PUBLISHED: 13:31 29 January 2018 | UPDATED: 13:31 29 January 2018

Islington Town Hall. Picture: Top Drawer Sausage (CC BY-SA 2.0)

Islington Town Hall. Picture: Top Drawer Sausage (CC BY-SA 2.0)

Top Drawer Sausage (CC BY-SA 2.0)

The town hall has won a planning dispute over the need for affordable housing contributions from developers building 10 homes or less.

An appeal was made against Islington Council’s decision to demand affordable housing payments for a semi-detached home in Parkhurst Road, Holloway.

Islington’s own planning guidance states developers building 10 homes or fewer must make a contribution for affordable homes elsewhere in the borough.

This is at odds with a written ministerial statement from 2014, which ruled developments of the same size should be exempt, to “relieve the disproportionate financial burden on small-scale developers”.

Islington submitted evidence to the Planning Inspectorate arguing the threshold should be lower, because most developments in the borough were of 10 homes or less and if no contribution was made it would “compromise the borough’s ability to deliver on its affordable homes target.

Lawyers for the council referenced a 2016 Court of Appeal judgment which, in upholding the WMS, found it should not be applied without first considering the “local circumstances” of the area.

Inspector Debbie Moore sided with the council. She said: “I am satisfied from the evidence submitted by the council that there is a demonstrable affordability gap in both the home ownership and private rented sectors, and there is a significant need for affordable housing in Islington.

“The evidence also indicates that an absence of contributions from small sites would compromise the borough’s ability to deliver its objectively assessed need for affordable housing, and contribute towards the London Plan annual target for affordable homes.

“On this basis, I consider that the specific local circumstances are such that the WMS does not outweigh relevant local policy.”
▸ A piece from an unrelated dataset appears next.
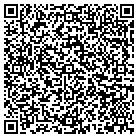 QR code with Dexter Shoe Factory Outlet contacts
It is the second affordable housing planning victory in recent months for the council. In June the inspectorate upheld the town hall’s refusal of planning permission for a separate site in Parkhurst Road on the grounds it didn’t provide the “maximum reasonable amount” of affordable homes.

Islington’s housing chief Cllr Diarmaid Ward welcomed last week’s decision. He said: “Islington, like London, is facing a housing crisis and genuinely affordable housing is badly needed in the city. We are very pleased the inspector supported our arguments to help secure this.”